▶ **Brief**
Here, the job is to give back every entry below unchanged, omitting pictures.

▶ **Data to use**
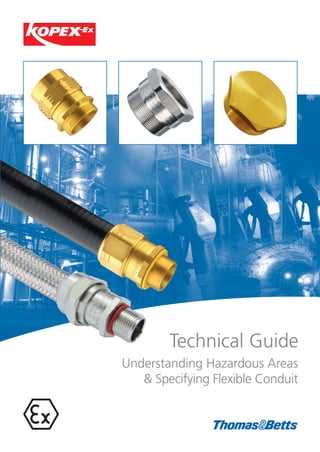 Technical Guide
Understanding Hazardous Areas
& Specifying Flexible Conduit
10387 T&B KOPEX EX UHA CATALOGUE 2011.indd 310387 T&B KOPEX EX UHA CATALOGUE 2011.indd 3 19/08/2011 15:4119/08/2011 15:41
 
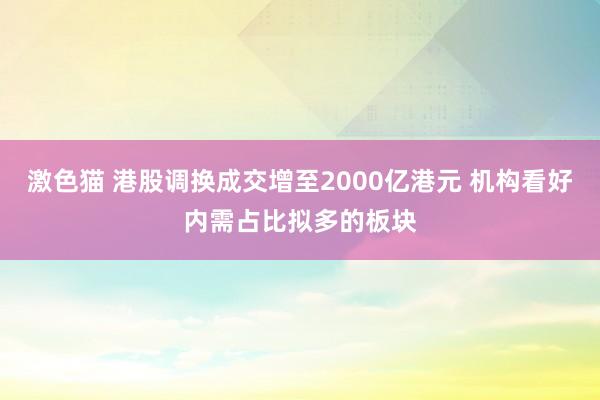 激色猫 港股调换成交增至2000亿港元 机构看好内需占比拟多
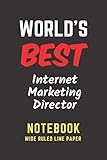 World's Best Internet Marketing Director Notebook: Wide Ruled Line Paper. Perfect Gift/Present for any occasion. Appreciation, Retirement, Year End, ... Anniversary, Father's Day, Mother's Day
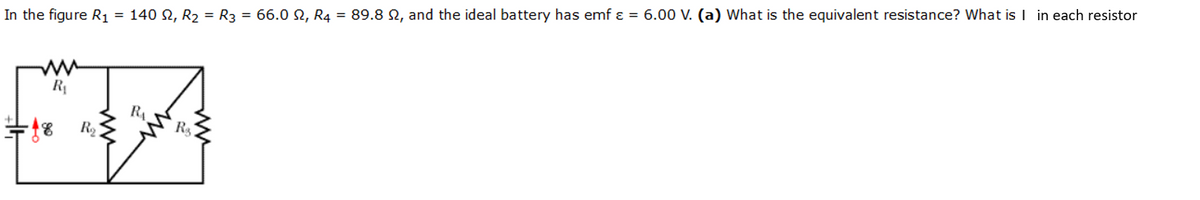 In the figure R1 = 140 2, R2 = R3 = 66.0 , R4 = 89.8 2, and the ideal battery has emf ɛ = 6.00 V. (a) What is the equivalent resistance? What is I in each resistor
R
RA
R2
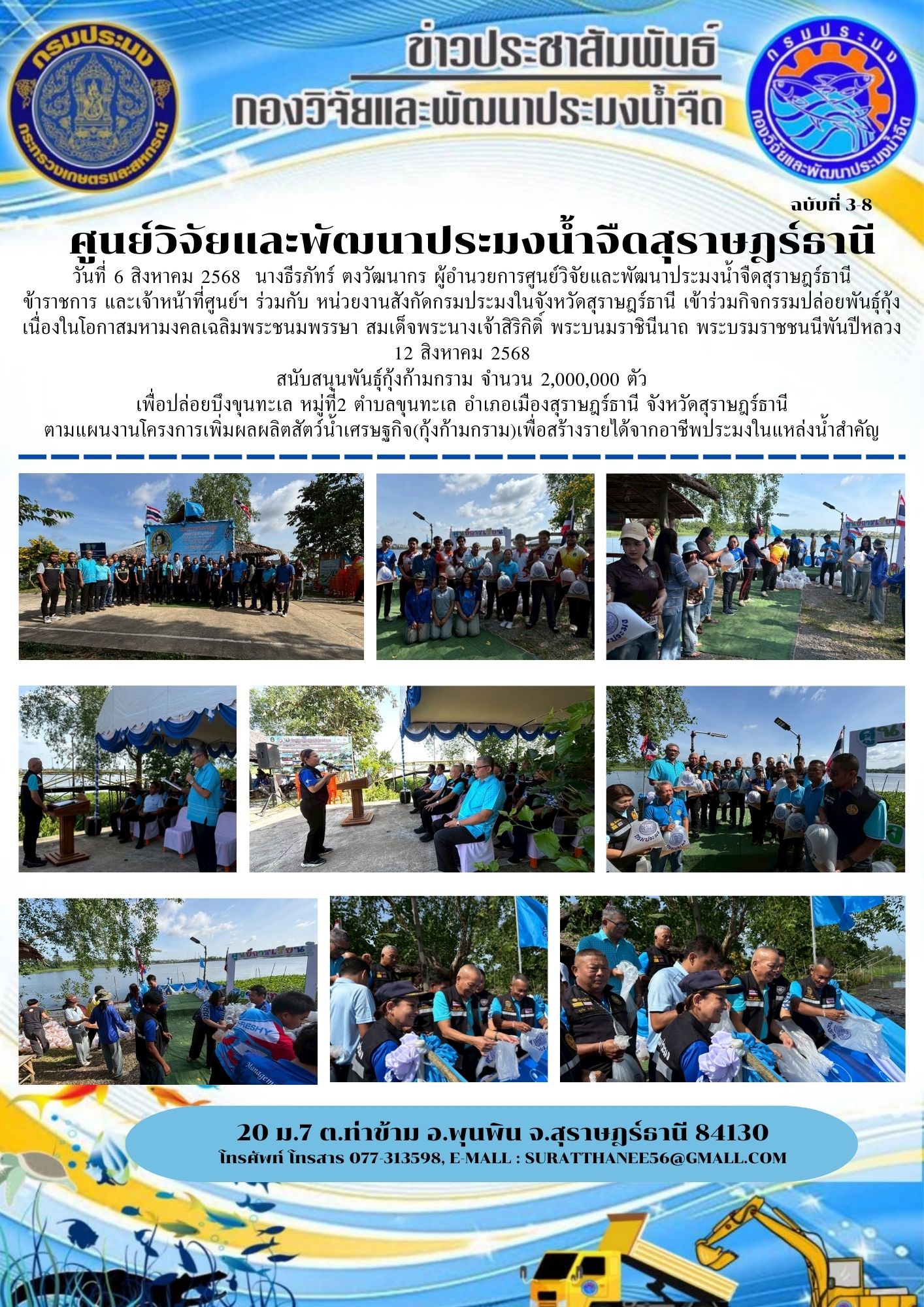 วันที่ 6 สิงหาคม 2568  นางธีรภัทร์ ตงวัฒนากร ผู้อำนวยการศูนย์วิจัยและพัฒนาประมงน้ำจืดสุราษฎร์ธานี             ข้าราชการ และเจ้าหน้าที่ศูนย์ฯ ร่วมกับ หน่วยงานสังกัดกรมประมงในจังหวัดสุราษฎร์ธานี เข้าร่วมกิจกรรมปล่อยพันธุ์กุ้ง  เนื่องในโอกาสมหามงคลเฉลิมพระชนมพรรษา สมเด็จพระนางเจ้าสิริกิติ์ พระบนมราชินีนาถ พระบรมราชชนนีพันปีหลวง    12 สิงหาคม 2568 สนับสนุนพันธุ์กุ้งก้ามกราม จำนวน 2,000,000 ตัว เพื่อปล่อยบึงขุนทะเล หมู่ที่2 ตำบลขุนทะเล อำเภอเมืองสุราษฎร์ธานี จังหวัดสุราษฎร์ธานี ตามแผนงานโครงการเพิ่มผลผลิตสัตว์น้ำเศรษฐกิจ(กุ้งก้ามกราม)เพื่อสร้างรายได้จากอาชีพประมงในแหล่งน้ำสำคัญ..คลิก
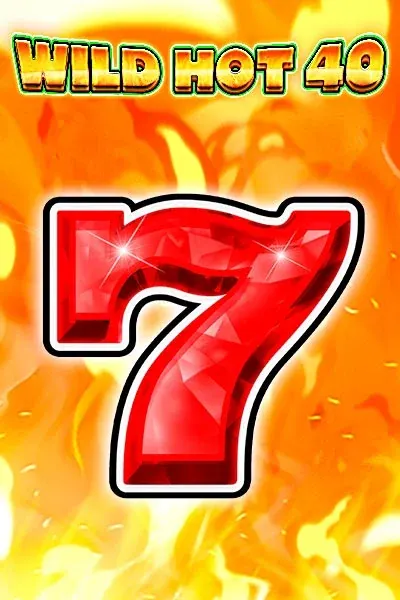 Wild Hot 40 — Slot | Millioner Casino AT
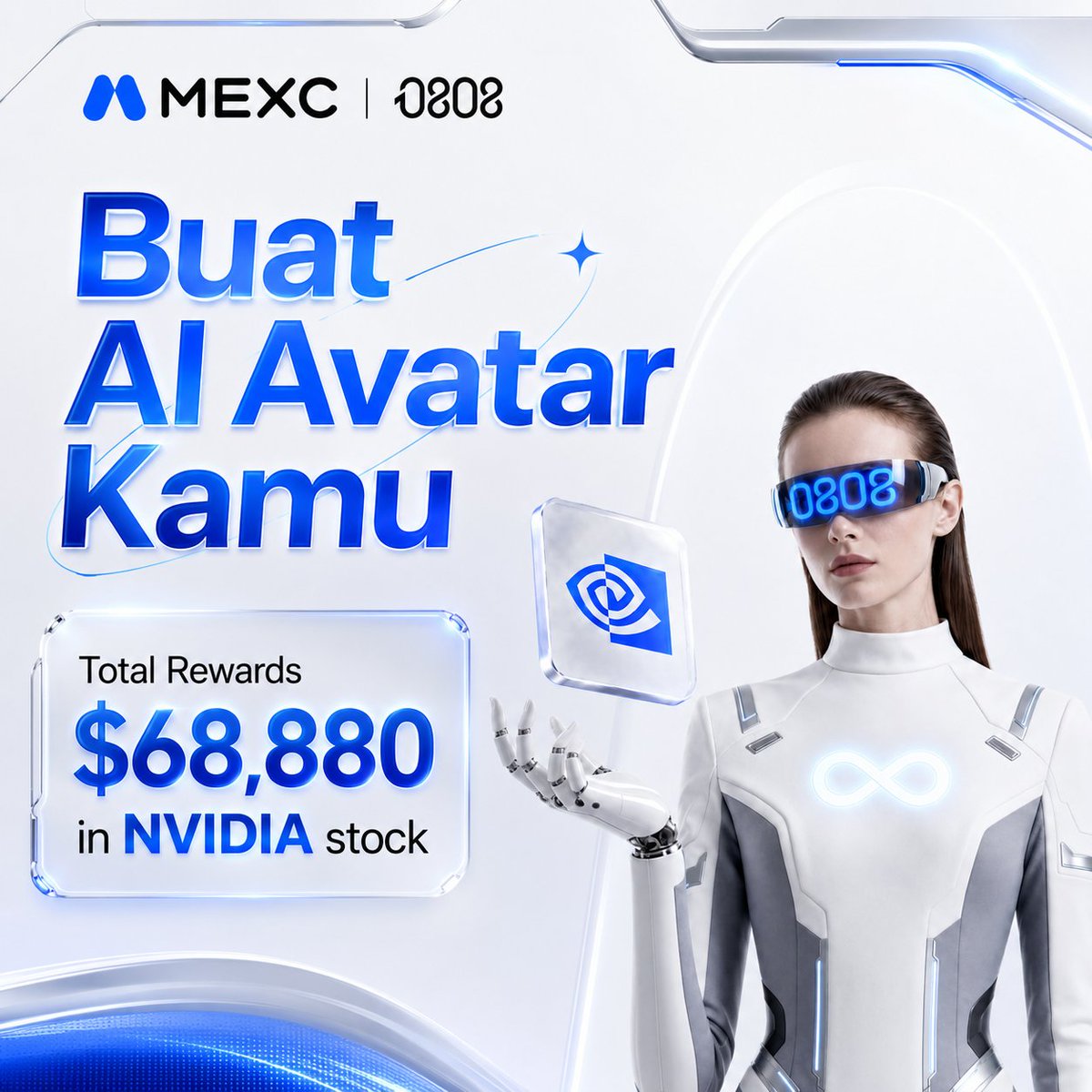 ellia_mexc's tweet photo. 🎁 Dapatkan $68,880 dalam NVIDIA Stock 🎁

Buat AI Avatar versi kamu dan menangkan bagian dari Total Rewards $68,880 dalam NVIDIA Stock 🤖

Cara ikutan:
1️⃣ Follow akun @ellia_mexc
2️⃣ Buat karya AI kamu di sini → https://t.co/AWS81ebo68
3️⃣ Like, repost, dan reply postingan ini dengan hasil karya AI + UID kamu

Tunjukkan versi AI paling keren kamu 👀

#MEXC0808 #MEXC0FEE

▶ **Output**
 Technical Guide
Understanding Hazardous Areas
& Specifying Flexible Conduit
10387 T&B KOPEX EX UHA CATALOGUE 2011.indd 310387 T&B KOPEX EX UHA CATALOGUE 2011.indd 3 19/08/2011 15:4119/08/2011 15:41
 
 激色猫 港股调换成交增至2000亿港元 机构看好内需占比拟多
 World's Best Internet Marketing Director Notebook: Wide Ruled Line Paper. Perfect Gift/Present for any occasion. Appreciation, Retirement, Year End, ... Anniversary, Father's Day, Mother's Day
 In the figure R1 = 140 2, R2 = R3 = 66.0 , R4 = 89.8 2, and the ideal battery has emf ɛ = 6.00 V. (a) What is the equivalent resistance? What is I in each resistor
R
RA
R2
 วันที่ 6 สิงหาคม 2568  นางธีรภัทร์ ตงวัฒนากร ผู้อำนวยการศูนย์วิจัยและพัฒนาประมงน้ำจืดสุราษฎร์ธานี             ข้าราชการ และเจ้าหน้าที่ศูนย์ฯ ร่วมกับ หน่วยงานสังกัดกรมประมงในจังหวัดสุราษฎร์ธานี เข้าร่วมกิจกรรมปล่อยพันธุ์กุ้ง  เนื่องในโอกาสมหามงคลเฉลิมพระชนมพรรษา สมเด็จพระนางเจ้าสิริกิติ์ พระบนมราชินีนาถ พระบรมราชชนนีพันปีหลวง    12 สิงหาคม 2568 สนับสนุนพันธุ์กุ้งก้ามกราม จำนวน 2,000,000 ตัว เพื่อปล่อยบึงขุนทะเล หมู่ที่2 ตำบลขุนทะเล อำเภอเมืองสุราษฎร์ธานี จังหวัดสุราษฎร์ธานี ตามแผนงานโครงการเพิ่มผลผลิตสัตว์น้ำเศรษฐกิจ(กุ้งก้ามกราม)เพื่อสร้างรายได้จากอาชีพประมงในแหล่งน้ำสำคัญ..คลิก
 Wild Hot 40 — Slot | Millioner Casino AT
 ellia_mexc's tweet photo. 🎁 Dapatkan $68,880 dalam NVIDIA Stock 🎁

Buat AI Avatar versi kamu dan menangkan bagian dari Total Rewards $68,880 dalam NVIDIA Stock 🤖

Cara ikutan:
1️⃣ Follow akun @ellia_mexc
2️⃣ Buat karya AI kamu di sini → https://t.co/AWS81ebo68
3️⃣ Like, repost, dan reply postingan ini dengan hasil karya AI + UID kamu

Tunjukkan versi AI paling keren kamu 👀

#MEXC0808 #MEXC0FEE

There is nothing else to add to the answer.